**Exercise**
Extract the text of every entry below exactly; leave images out.

Captioned web images
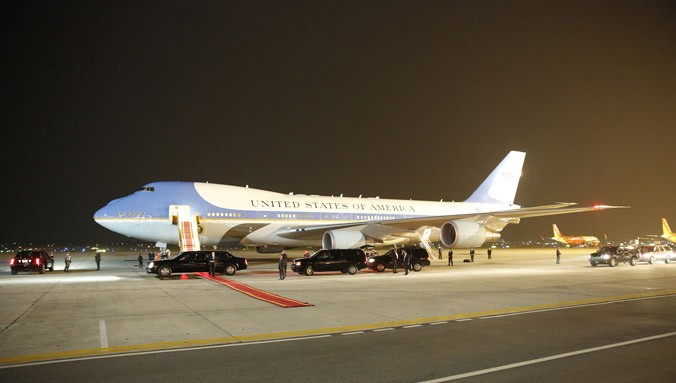 Tổng thống Barack Obama thăm Việt Nam từ ngày 23 đến 25/5 (chuyên cơ của ông Obama). Ảnh: Hồng Vĩnh.
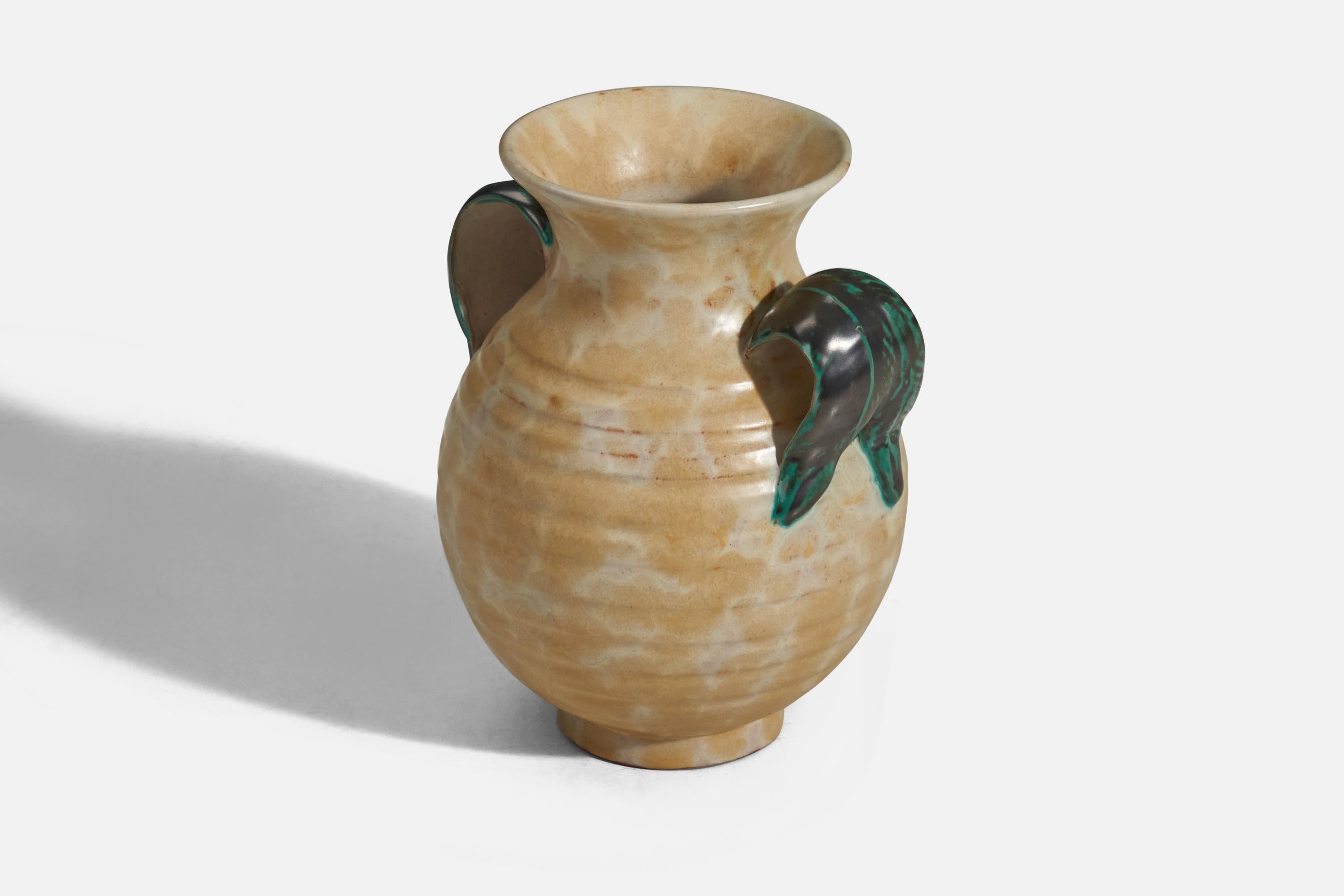 Suédois Vase en faïence émaillée beige et vert de Upsala-Ekeby, Suède, années 1940 en vente
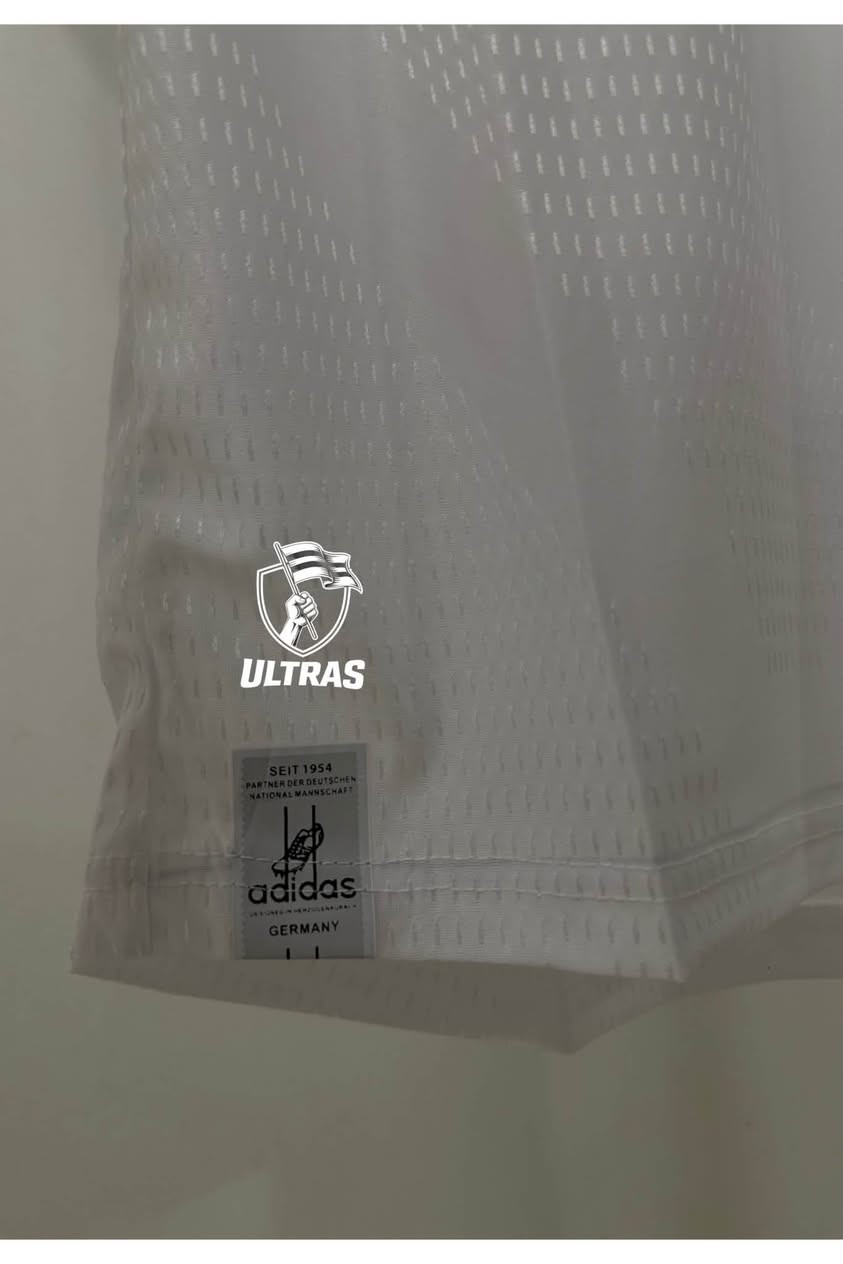 للبيع بسعر الجملة باقي قطعتين L,XL 
قطعتين ب٢٥ ويه التوصيل 
للتواصل واتساب ***********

**Worked solution**
 Tổng thống Barack Obama thăm Việt Nam từ ngày 23 đến 25/5 (chuyên cơ của ông Obama). Ảnh: Hồng Vĩnh.
 Suédois Vase en faïence émaillée beige et vert de Upsala-Ekeby, Suède, années 1940 en vente
 للبيع بسعر الجملة باقي قطعتين L,XL 
قطعتين ب٢٥ ويه التوصيل 
للتواصل واتساب ***********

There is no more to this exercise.